[Assignment]:
Pictures are to be left out, and only the lines below starting at the one with "May include: A" and ending at the one with "Okładka płyty Metallica" are to be reproduced, each exactly, both ends included.
Recorded data Start Marker
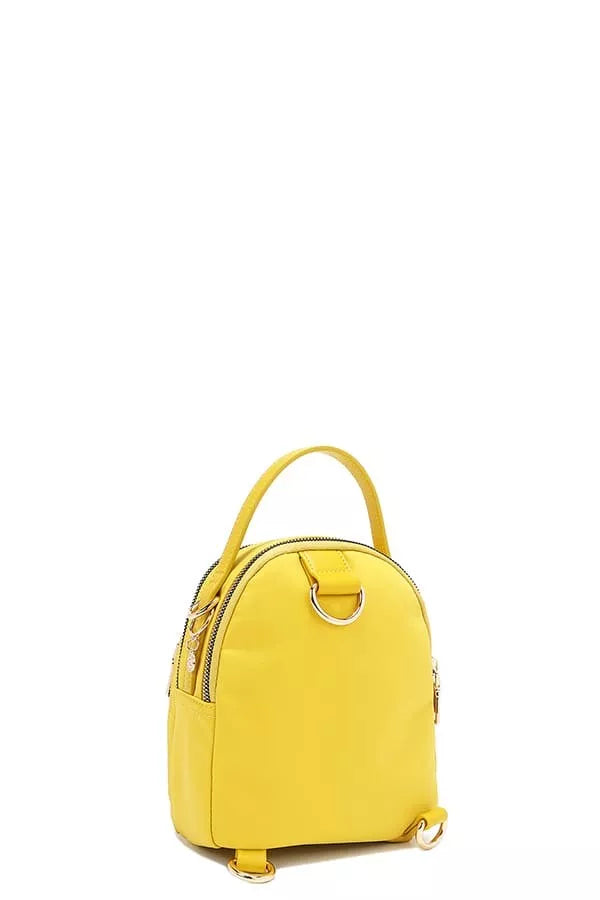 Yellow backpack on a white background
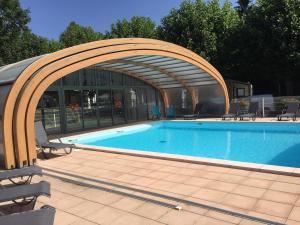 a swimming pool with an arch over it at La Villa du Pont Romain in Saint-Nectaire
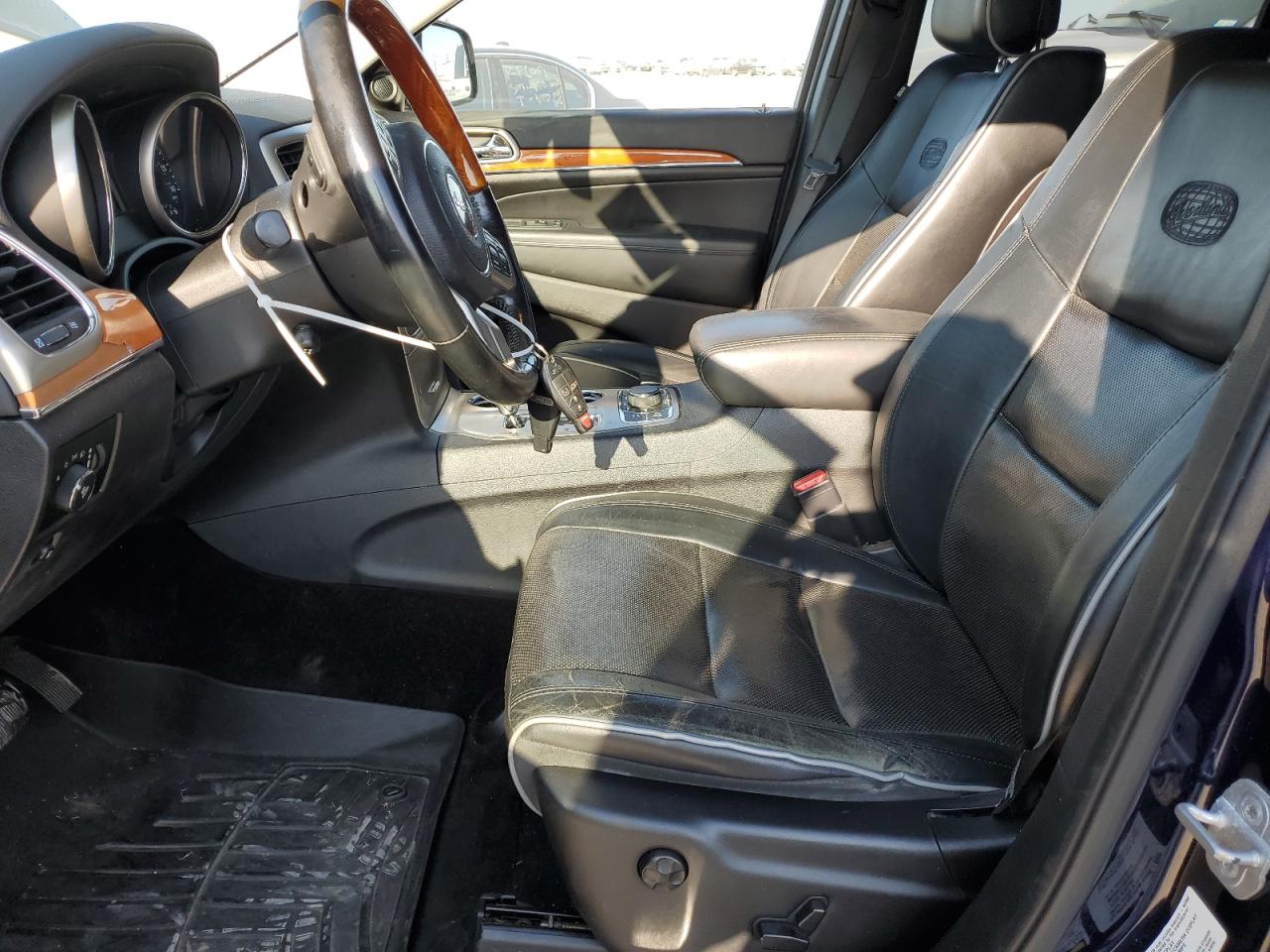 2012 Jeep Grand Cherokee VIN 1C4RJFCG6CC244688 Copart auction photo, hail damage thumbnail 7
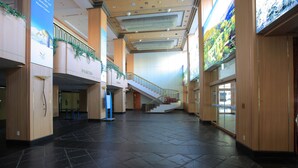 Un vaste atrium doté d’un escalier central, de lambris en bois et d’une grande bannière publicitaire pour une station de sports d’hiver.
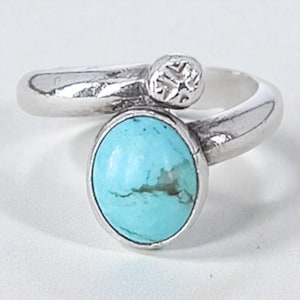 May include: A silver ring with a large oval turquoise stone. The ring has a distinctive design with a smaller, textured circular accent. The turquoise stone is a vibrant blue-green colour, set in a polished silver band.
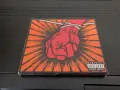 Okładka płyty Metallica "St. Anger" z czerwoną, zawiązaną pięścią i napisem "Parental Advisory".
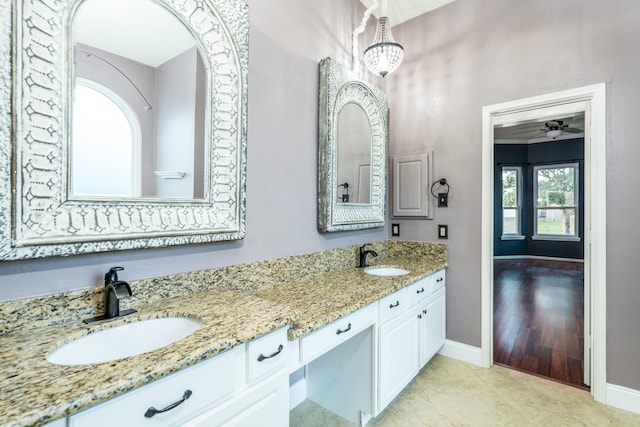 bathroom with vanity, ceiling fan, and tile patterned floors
Recorded data End Marker
[Solution]:
 May include: A silver ring with a large oval turquoise stone. The ring has a distinctive design with a smaller, textured circular accent. The turquoise stone is a vibrant blue-green colour, set in a polished silver band.
 Okładka płyty Metallica "St. Anger" z czerwoną, zawiązaną pięścią i napisem "Parental Advisory".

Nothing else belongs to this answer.